What the exercise asks:
Leave the pictures in the listing below aside and reproduce exactly the lines starting with the one with "D-Link Says Hacker" and going on through the one with "Gray Terracotta Bud", both ends included.

Data to examine:
↓↓↓

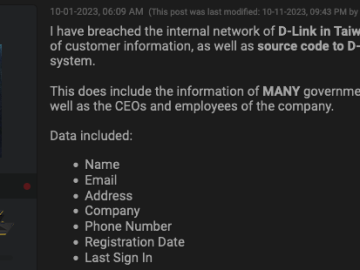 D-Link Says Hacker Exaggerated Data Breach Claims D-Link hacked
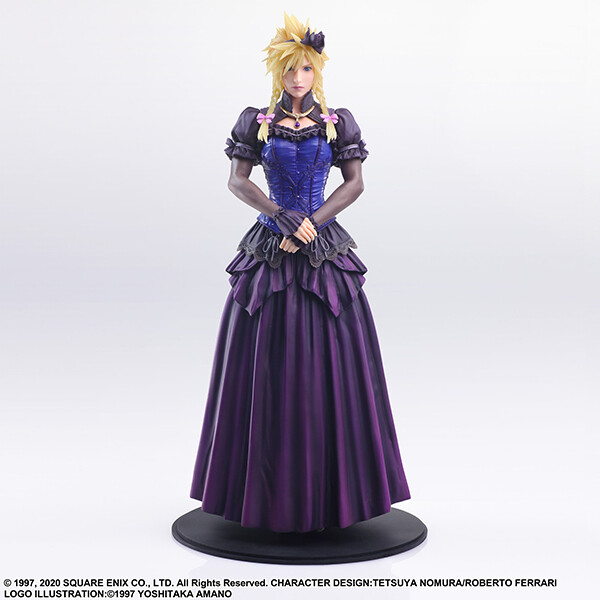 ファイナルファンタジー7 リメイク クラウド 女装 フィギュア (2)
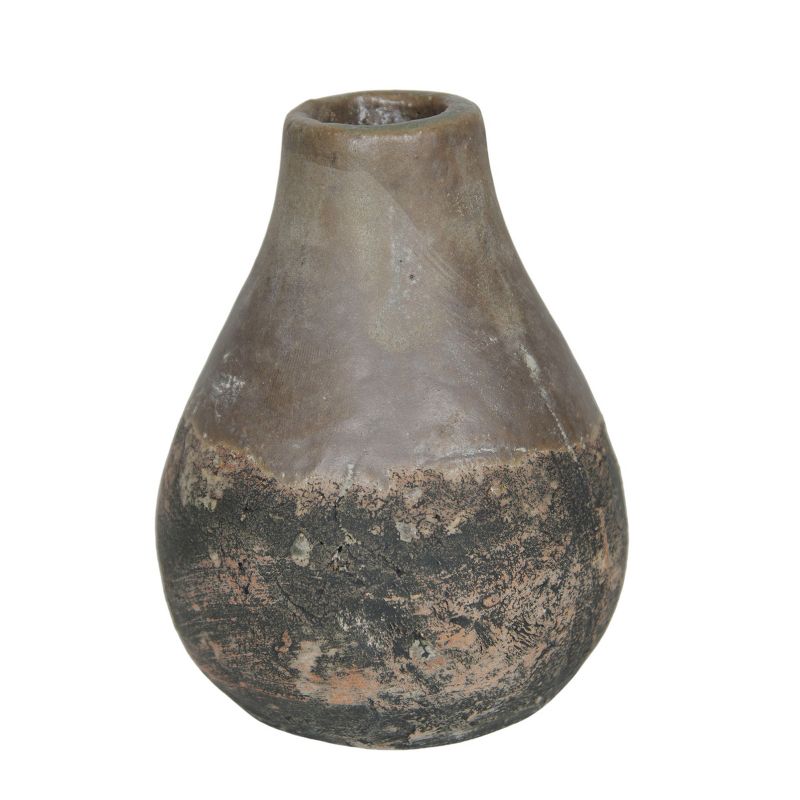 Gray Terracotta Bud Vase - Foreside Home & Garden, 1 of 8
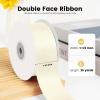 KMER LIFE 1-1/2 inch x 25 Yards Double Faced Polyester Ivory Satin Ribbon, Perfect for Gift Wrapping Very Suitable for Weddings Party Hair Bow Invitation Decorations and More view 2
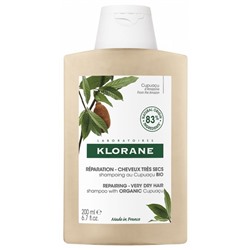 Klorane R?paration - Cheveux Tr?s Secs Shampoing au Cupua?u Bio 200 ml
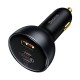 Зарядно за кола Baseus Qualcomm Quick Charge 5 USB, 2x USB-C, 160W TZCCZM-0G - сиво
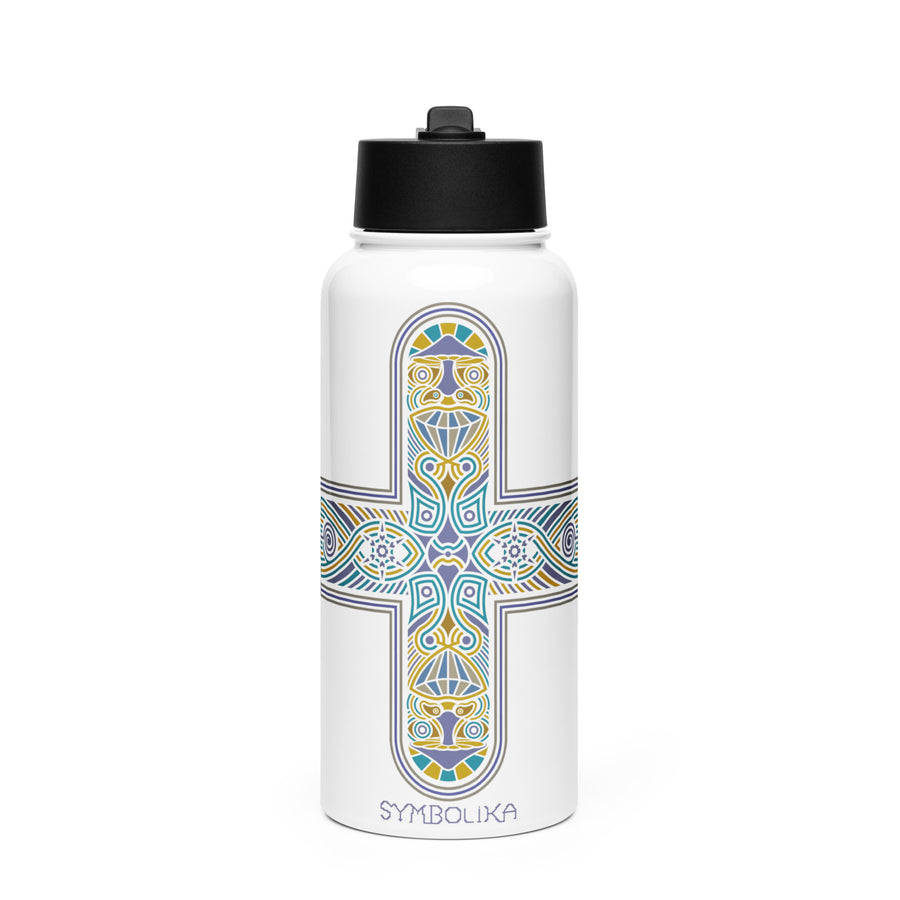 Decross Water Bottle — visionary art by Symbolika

↑↑↑
↓↓↓

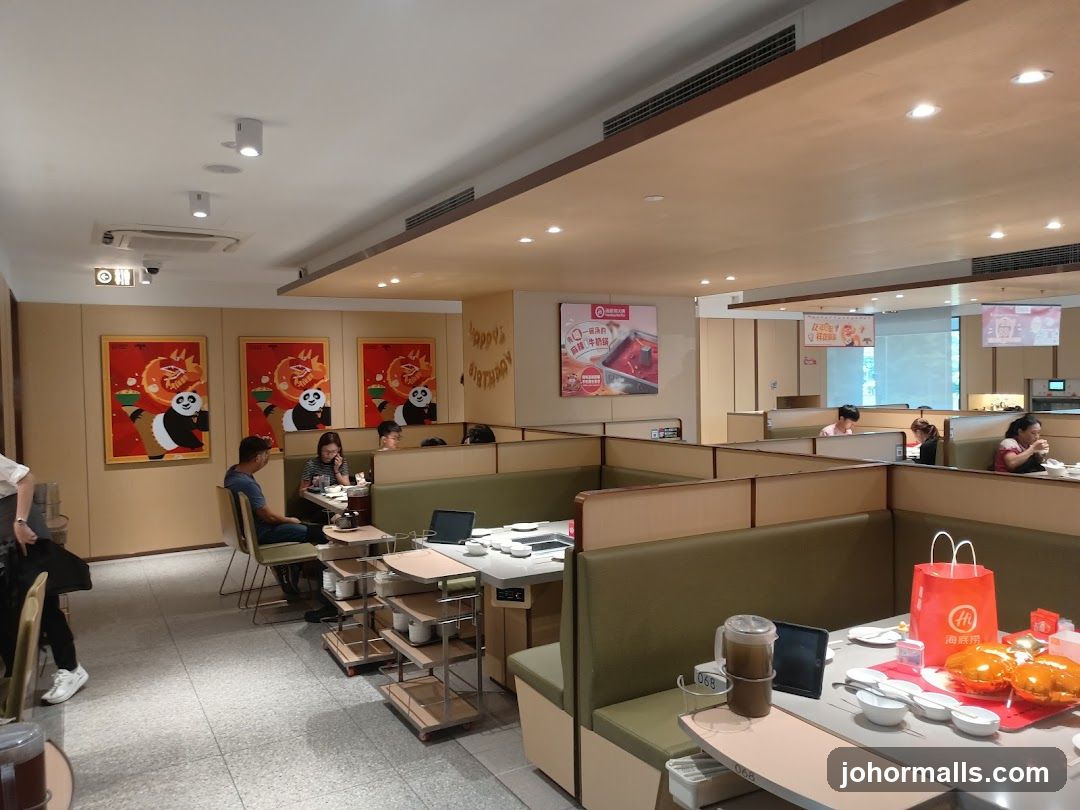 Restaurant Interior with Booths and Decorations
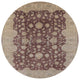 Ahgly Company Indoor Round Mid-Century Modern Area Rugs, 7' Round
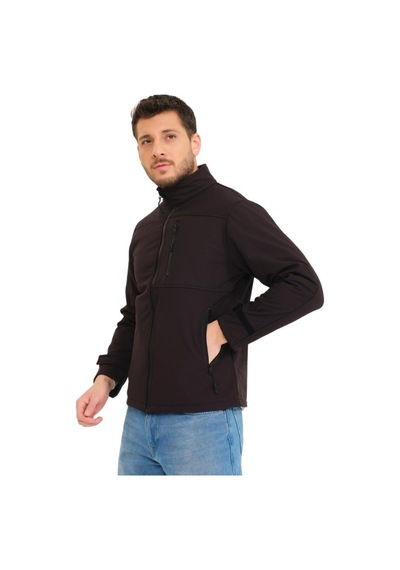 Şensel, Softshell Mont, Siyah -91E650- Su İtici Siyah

↑↑↑

Reply:
 D-Link Says Hacker Exaggerated Data Breach Claims D-Link hacked
 ファイナルファンタジー7 リメイク クラウド 女装 フィギュア (2)
 Gray Terracotta Bud Vase - Foreside Home & Garden, 1 of 8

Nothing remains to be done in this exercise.